Data segment
################

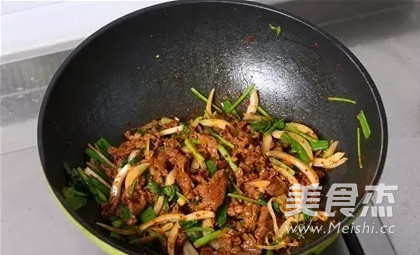 爱煮食的炒烤<a href=/shicai/rouqin/NiuRou/index.html target=_blank><u>牛肉</u></a>的做法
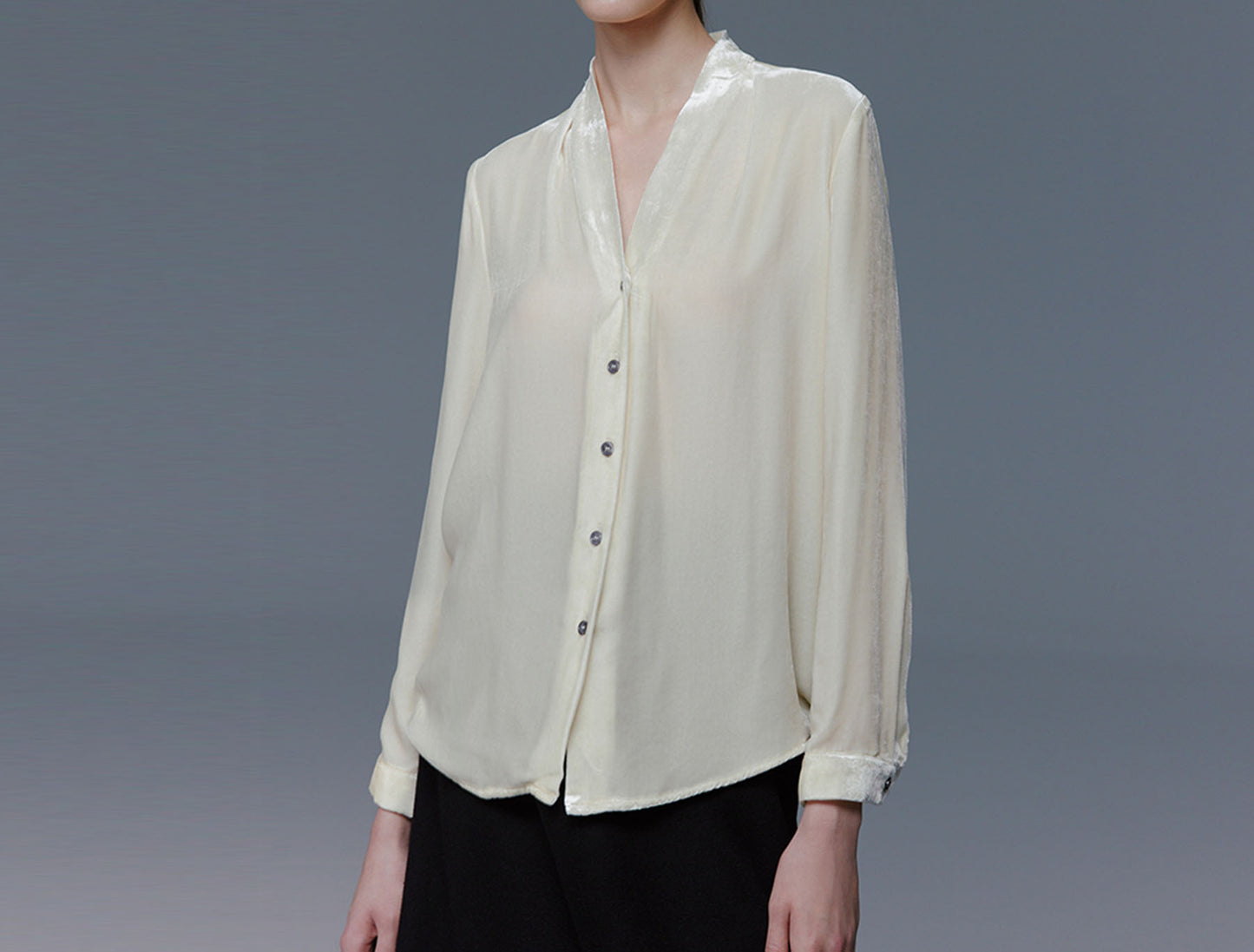 edoa Silk Velvet Spring Blouse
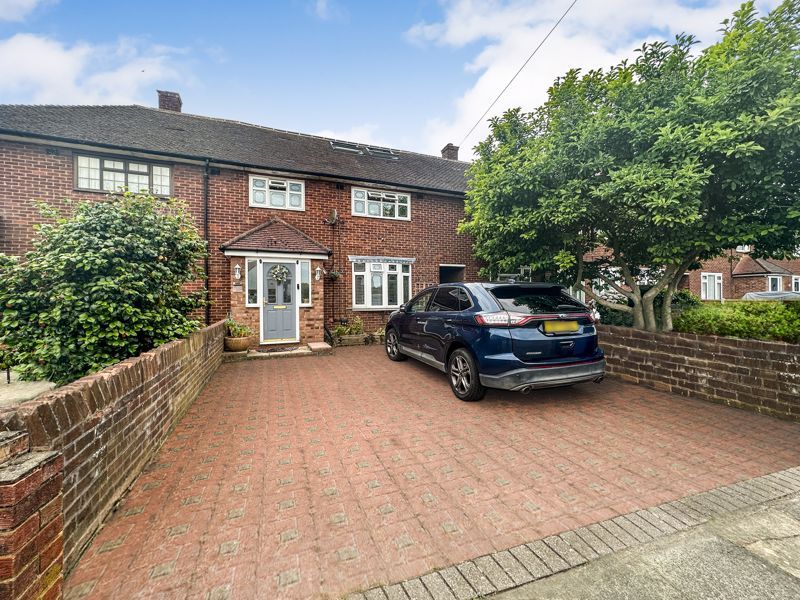 4 bed terraced house for sale in Daiglen Drive, South Ockendon RM15, £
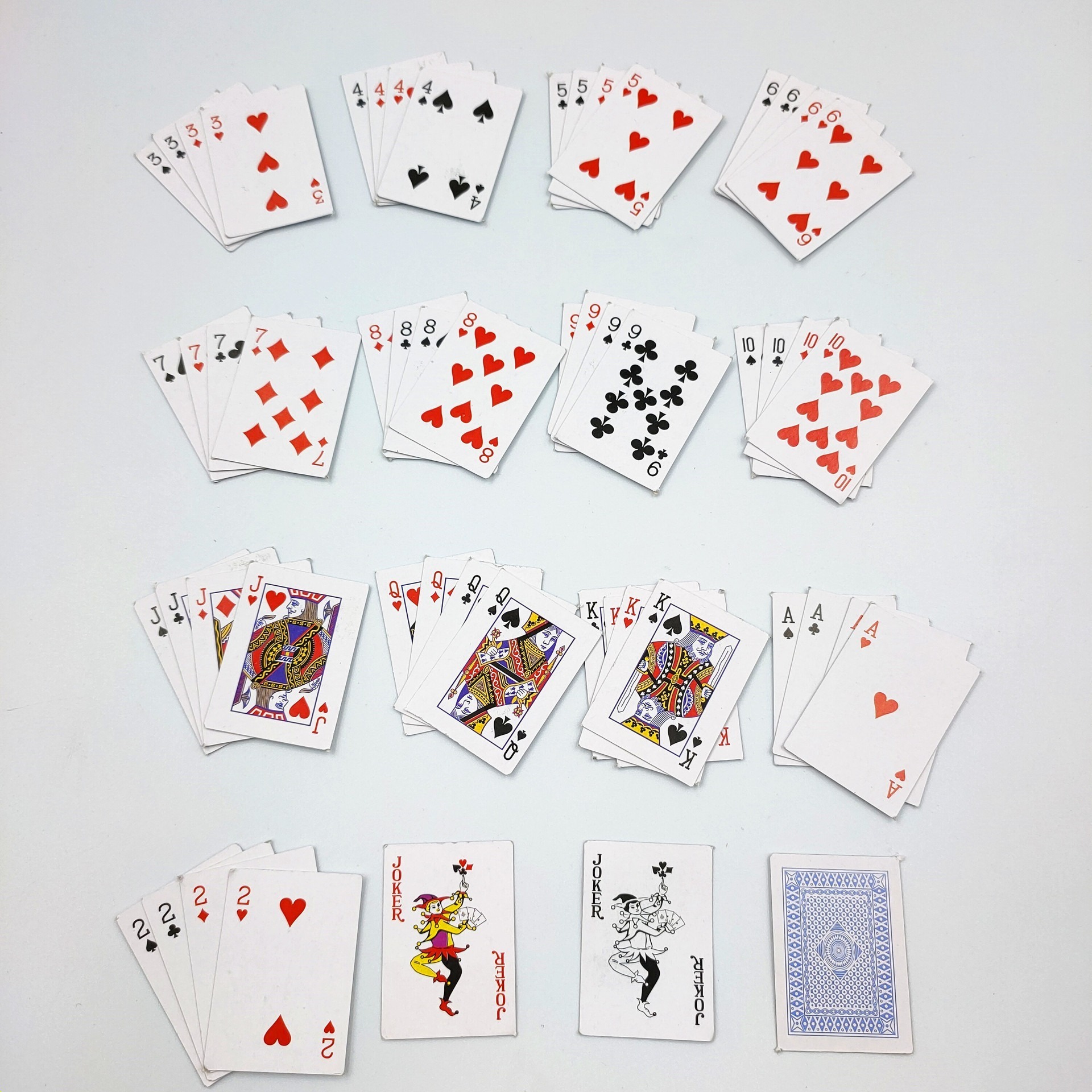 Entertainment Portable Travel Mini Paper Playing Card Playing Cards Poker Mini Poker Chips Set with Keychain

################

What is being asked
Without the pictures, repeat every line of the material above exactly.

Result
 爱煮食的炒烤<a href=/shicai/rouqin/NiuRou/index.html target=_blank><u>牛肉</u></a>的做法
 edoa Silk Velvet Spring Blouse
 4 bed terraced house for sale in Daiglen Drive, South Ockendon RM15, £
 Entertainment Portable Travel Mini Paper Playing Card Playing Cards Poker Mini Poker Chips Set with Keychain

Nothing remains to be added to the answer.